Titan K, Titan M, Titan P, Titan V…
that would also make the naming closer to the Quadro cards (K6000, M6000) and avoid the messy confusion we will get now.
More important question though: How many FP16 units per SM are in GP102?
15.3 B transistors on the P100 (due to FP16v2? Here also the HBM and NVLINK interfaces have to be taken into account)
11.0 B transistors on the GP102 (52%, probably just cache, memory interface and additional SMs)
7.2 B transistros on the GP104
4.4 B transistors on the GP106
Transistor count suggests the GP102 is approx. GP104+GP106 big (the math adds up).
I guess this would suggest also one FP16 unit per SM on the Titan X?
Was nVidia not able to put 24 GB of GDDR5X on that card for that price tag?
i’m think that gp102 has the same 6.1 arch and 3840 alus. but yields are yet low, so they disabled two SMs. as process will mature, i think it will be renamed to Ti, and real titan arrives - with all 3840 alus, 24 GB and $1000 price
@SvenMeyer
Probably the same, seems like GP102 is SM61.
Here, nVidia only talks about FP32 and INT8 performance, suggesting this is just an upscaled GP104:
Since they mention deep learning, I’m sure they would have mentioned fast FP16 if it would exist.
For comparison Titan X has 44 TOP INT8, 1080 has 33 TOP INT8
Hi,
I was looking on the posts on FP16 on GTX 1080 and Titan.
I am wondering what is the cost of casting the FP16 data in FP32, in order to use the fast calculation capacity?
Our idea is to use FP16, to reduce memory requirements but to use FP32 for computation.
Our system is limited mainly by memory transfers.
Is it a reasonable approach?
It’s absolutely supported and does indeed relieve memory throughput bottleneck compute. A new header file in CUDA 7.5 cuda_fp16.h has routines for packing and unpacking from a word. There’s also an packed-FP16 SGEMM in 7.5+ cuBLAS called SGEMMex which uses FP32 math on the packed fp16 format. That’s different than HGEMM which does packed fp16x2 math natively on P100 and X1.
Note that there is a performance bug in fp16 → fp32 in cuda 8 rc and consumer pascal hardware.
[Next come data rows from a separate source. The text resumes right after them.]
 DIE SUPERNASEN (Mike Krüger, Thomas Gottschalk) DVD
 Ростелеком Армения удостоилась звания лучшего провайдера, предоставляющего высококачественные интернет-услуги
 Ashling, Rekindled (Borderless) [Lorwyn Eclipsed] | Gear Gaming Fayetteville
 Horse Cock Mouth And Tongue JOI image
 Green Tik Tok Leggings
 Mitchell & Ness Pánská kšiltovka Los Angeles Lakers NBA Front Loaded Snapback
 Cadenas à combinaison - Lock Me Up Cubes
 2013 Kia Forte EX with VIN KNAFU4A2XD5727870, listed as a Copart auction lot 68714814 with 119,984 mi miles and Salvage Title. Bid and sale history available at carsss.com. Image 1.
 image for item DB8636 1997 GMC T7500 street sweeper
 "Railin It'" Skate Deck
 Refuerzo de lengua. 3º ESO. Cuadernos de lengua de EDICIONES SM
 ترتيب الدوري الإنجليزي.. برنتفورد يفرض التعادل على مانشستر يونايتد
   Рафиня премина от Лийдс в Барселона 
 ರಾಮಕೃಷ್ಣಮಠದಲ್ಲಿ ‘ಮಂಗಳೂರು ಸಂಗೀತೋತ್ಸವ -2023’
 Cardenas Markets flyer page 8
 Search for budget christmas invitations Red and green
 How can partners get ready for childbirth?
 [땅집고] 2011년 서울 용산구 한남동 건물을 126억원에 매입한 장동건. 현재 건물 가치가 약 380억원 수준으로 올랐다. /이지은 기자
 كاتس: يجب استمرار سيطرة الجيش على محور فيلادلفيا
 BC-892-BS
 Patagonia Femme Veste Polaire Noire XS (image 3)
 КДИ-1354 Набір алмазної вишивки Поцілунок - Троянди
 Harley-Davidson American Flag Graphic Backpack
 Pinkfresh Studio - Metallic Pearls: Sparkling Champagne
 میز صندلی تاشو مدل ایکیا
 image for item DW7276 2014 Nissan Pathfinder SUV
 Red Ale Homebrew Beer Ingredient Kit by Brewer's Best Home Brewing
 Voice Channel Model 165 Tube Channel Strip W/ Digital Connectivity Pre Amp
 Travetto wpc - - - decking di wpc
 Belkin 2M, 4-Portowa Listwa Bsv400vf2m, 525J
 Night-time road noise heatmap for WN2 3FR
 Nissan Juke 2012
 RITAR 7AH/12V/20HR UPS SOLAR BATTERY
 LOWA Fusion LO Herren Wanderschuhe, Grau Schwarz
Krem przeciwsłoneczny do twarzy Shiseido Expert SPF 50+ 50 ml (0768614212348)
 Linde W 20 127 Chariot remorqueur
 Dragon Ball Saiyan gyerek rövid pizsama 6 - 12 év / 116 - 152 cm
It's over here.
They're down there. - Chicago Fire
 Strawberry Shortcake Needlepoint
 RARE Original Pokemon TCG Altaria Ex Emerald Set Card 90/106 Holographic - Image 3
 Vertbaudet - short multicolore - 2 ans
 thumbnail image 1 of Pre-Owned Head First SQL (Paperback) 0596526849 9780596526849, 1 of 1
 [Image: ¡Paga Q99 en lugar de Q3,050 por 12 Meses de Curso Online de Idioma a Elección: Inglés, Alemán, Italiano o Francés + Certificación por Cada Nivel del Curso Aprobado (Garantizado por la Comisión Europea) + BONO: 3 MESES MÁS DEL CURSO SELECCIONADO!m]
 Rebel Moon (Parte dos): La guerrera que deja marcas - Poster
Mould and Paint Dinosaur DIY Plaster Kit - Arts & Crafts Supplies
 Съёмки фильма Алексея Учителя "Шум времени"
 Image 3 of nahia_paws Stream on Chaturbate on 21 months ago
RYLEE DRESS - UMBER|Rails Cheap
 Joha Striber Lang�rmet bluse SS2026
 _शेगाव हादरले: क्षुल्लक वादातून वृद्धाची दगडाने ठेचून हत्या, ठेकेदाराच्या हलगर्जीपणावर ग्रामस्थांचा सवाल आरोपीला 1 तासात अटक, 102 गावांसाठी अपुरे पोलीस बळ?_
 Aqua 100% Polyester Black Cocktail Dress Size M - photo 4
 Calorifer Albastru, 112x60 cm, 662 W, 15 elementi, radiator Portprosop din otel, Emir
The bug has been fixed but it’s waiting on the next 8.0 release.
So I bought 1080GTX and I’m disappointed about FP16, would know that before I would buy Tesla X (Pascal version).
Is there a chance that Nvidia will “fix” issue with FP16 for 1080GTX and we will get double performance over FP32 or should I just change this card to Tesla X while I can ?
My apologies if I missed that information in earlier posts.
consumer cards and most professional cards drops 90% of fp64/16 hardware to boost fp32 performance. you can do nothing on software level to fix that. only way is to buy P100-based cards, and afair only one way to do it now is to buy $100K monster
Hello Guys,
I seek your help. If may I ask, I have a question.
How the hell did you get to run these beast under your control? I tried to tame the with driver, but I cant run them, only on X.Org X.
Would you help me to run my GTX1070 Windforce on any kind of linux?
Hello Guys,
I seek your help. If may I ask, I have a question.
How the hell did you get to run these beast under your control? I tried to tame the with driver, but I cant run them, only on X.Org X.
Would you help me to run my GTX1070 Windforce on any kind of linux?